Contributed Commentaries
Gold traders should pay attention to these factors
Kitco Commentaries | Opinions, Ideas and Markets Talk
Featuring views and opinions written by market professionals, not staff journalists.
The US fundamentals have changed dramatically this week, as per the economic data. The gold price chart shows that the bulls are back in the market, and investors are wondering now if this trend will continue, and if it will continue, will it have plenty of tailwind for the price to cross a major level that everyone is looking at?
Background
The gold price experienced a serious surge during the last month, and this was mainly due to a number of factors. For instance, the Israil was waging another brutal war on Palestine, which made traders and investors worried. The main concern among traders was that the war was going to get much bigger than its current trajectory, and the involvement and support of the US for Israil made investors rush for safety. We saw a lot of wind coming out of the dollar index during the last month, and the US Treasury yields also saw somewhat less demand as investors began to look at the US debt with doubts. The US debt rating got further hit by another rating agency, the only rating agency that considered that the US debt was still worth the top dollar.
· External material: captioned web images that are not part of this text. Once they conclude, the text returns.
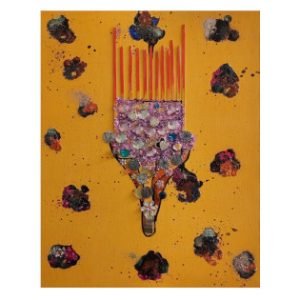 Through Afrobeauty Stands Timeless Pride — original mixed-media painting by Serj Éty’n featuring a richly decorated comb form with beads and floral details on an ochre background.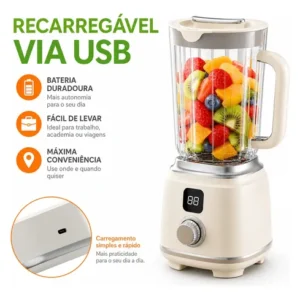 Espremedor Elétrico Portátil Para 600ml Recarregável Usb - Imagem 7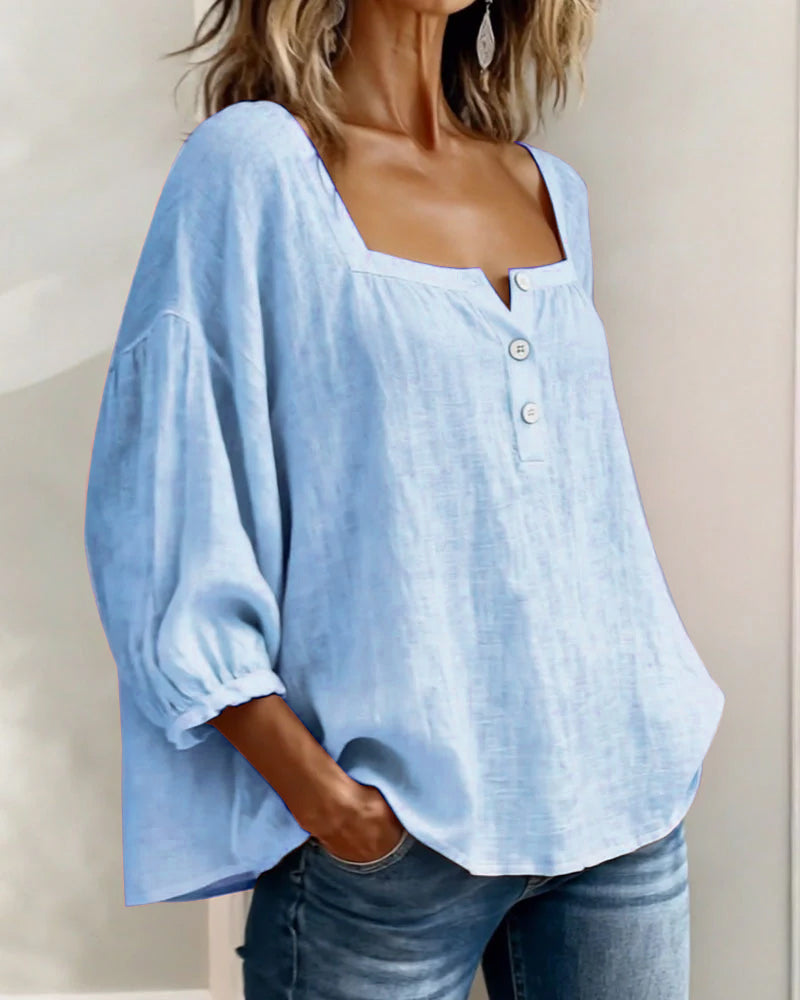 Square Collar Butterfly Sleeve Shirt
Stock investors saw the anchored geopolitical tensions as a sign that things were about to become serious, as there were serious concerns that the Arab leaders may use an oil embargo on the US and its allies, which were supporting the US in the Israeli war. The fear that if that embargo sees a day light or if there is further disruption in the oil supply chain, oil prices will skyrocket made traders a lot more nervous, as higher oil prices have a direct impact on the very war that the Fed is fighting: taming inflation.
However, things didn’t really pan out the way that many feared, and last week when the Arab nation leaders met to discuss Palestine, there were plenty on the bench to veto the oil embargo, which brought oil prices lower, reducing the fear among investors that the inflation reading in the US will change their direction again. In addition to this, we also had the fresh US CPI reading this week, which confirmed that any concerns about inflation not coming under control are overblown and there is no need for the Fed to pump the interest rates any further.
Gold’s Price Action
Gold’s price action is very directly tied to the value of the dollar index, which itself depends on the Fed’s monetary policy and geopolitical tensions. At the beginning of this month, we saw the gold price giving up some of the gains as investors started to re-price the risk associated with the Israel and Palestine situation. This particular action of re-pricing also brought fresh money back into the market, and we saw fresh capital inflow in the market. Remember that a risk on trade is not so good for the gold price, as in a less risky environment, traders prefer to get more exposure to riskier assets and less exposure to gold.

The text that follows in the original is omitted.